Date: September 1998. Last modified: $Date: 1998/10/14 20:17:13 $
Status: An attempt to give a high-level plan of the architecture of the Semantic WWW. Editing status: Draft. Comments welcome
A road map for the future, an architectural plan untested by anything except thought experiments.
This was written as part of a requested road map for future Web design, from a level of 20,000ft. It was spun off from an Architectural overview for an area which required more elaboration than that overview could afford.
Necessarily, from 20,000 feet, large things seem to get a small mention. It is architecture, then, in the sense of how things hopefully will fit together. So we should recognize that while it might be slowly changing, this is also a living document.
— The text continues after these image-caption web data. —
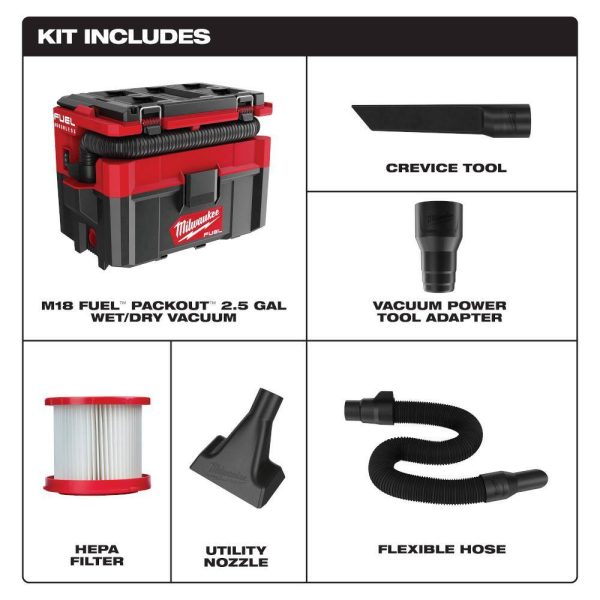0970-20-48-11-1862 M18 FUEL PACKOUT 18-Volt Lithium-Ion Cordless 2.5 Gal. Wet/Dry Vacuum with (2) M18 HIGH OUTPUT 6.0 Ah Batteries - Image 2
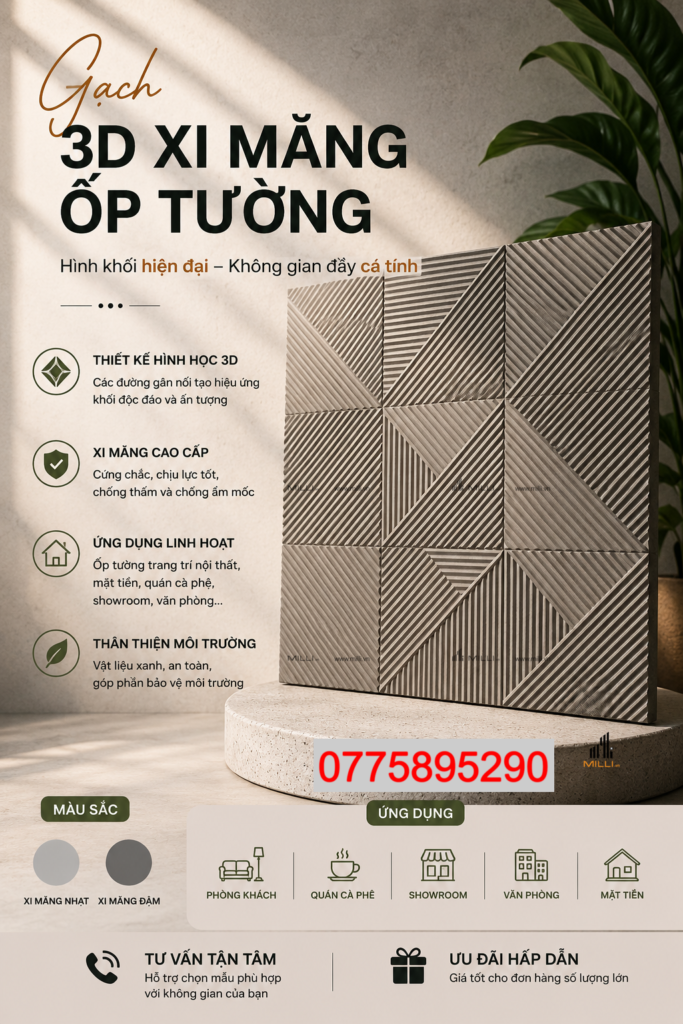 Gạch 3D Bê Tông Xi Măng Hiệu Hình Học 3D Ốp Tường Trang Trí MILLI Bình Dương TP.HCM Giá Rẻ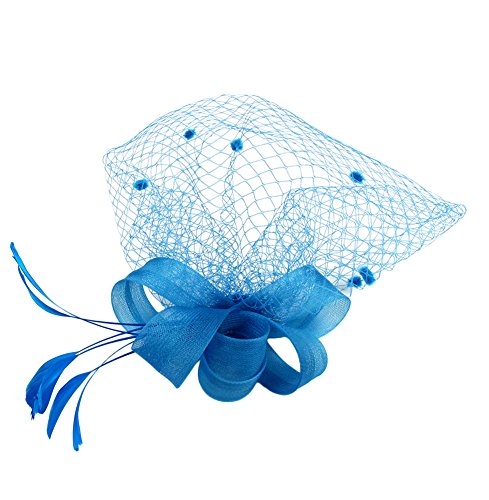Urban CoCo Women's Bow Feather Net and Veil Fascinator Cocktail Party Hair Clip Hat (Lake Blue)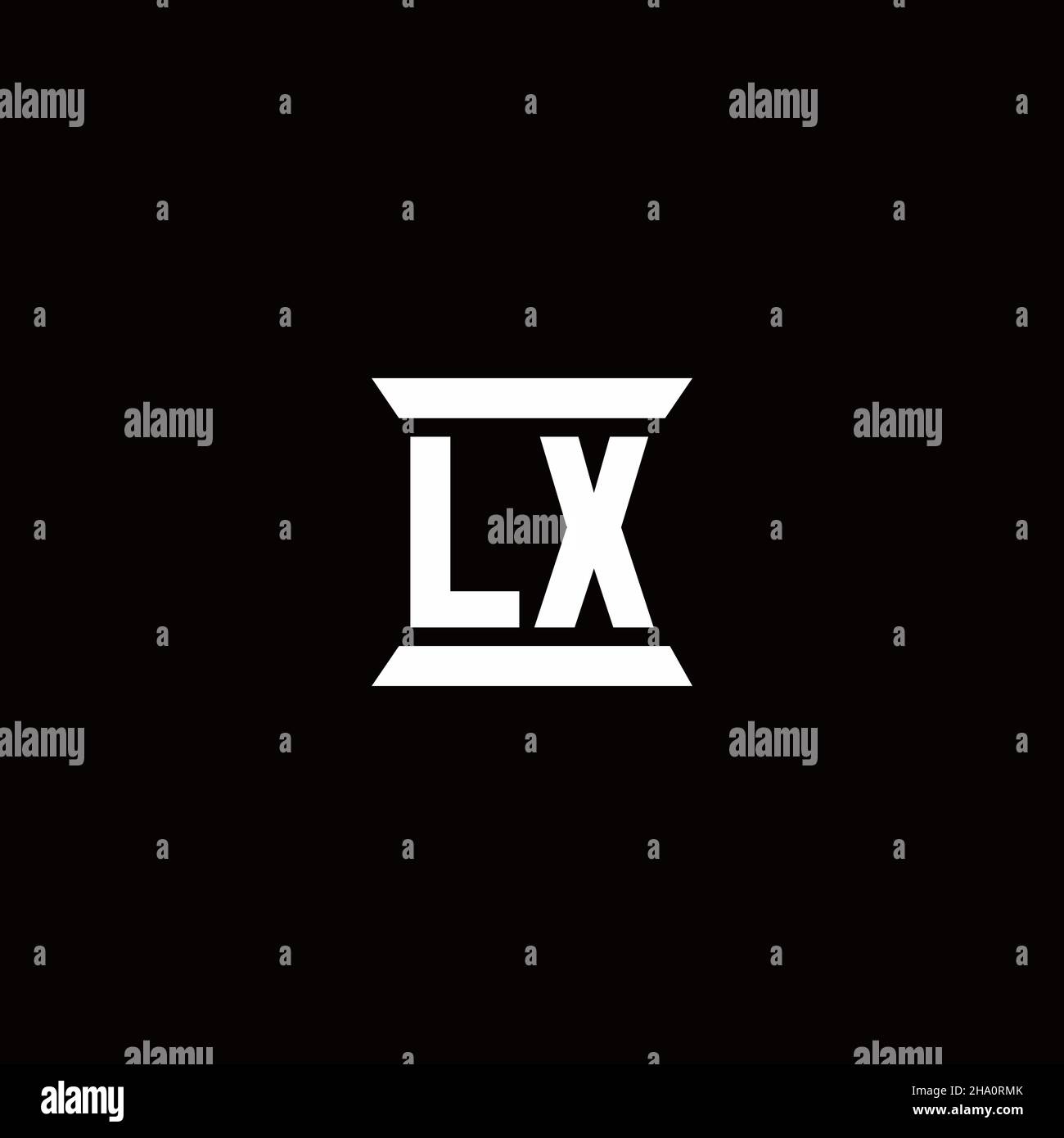 LX Logo Initial Letter Monogramm mit Säule Form Design-Vorlage isoliert in schwarzem Hintergrund Stock Vektor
This document is a plan for achieving a set of connected applications for data on the Web in such a way as to form a consistent logical web of data (semantic web).
The Web was designed as an information space, with the goal that it should be useful not only for human-human communication, but also that machines would be able to participate and help. One of the major obstacles to this has been the fact that most information on the Web is designed for human consumption, and even if it was derived from a database with well defined meanings (in at least some terms) for its columns, that the structure of the data is not evident to a robot browsing the web. Leaving aside the artificial intelligence problem of training machines to behave like people, the Semantic Web approach instead develops languages for expressing information in a machine processable form.
This document gives a road map - a sequence for the incremental introduction of technology to take us, step by step, from the Web of today to a Web in which machine reasoning will be ubiquitous and devastatingly powerful.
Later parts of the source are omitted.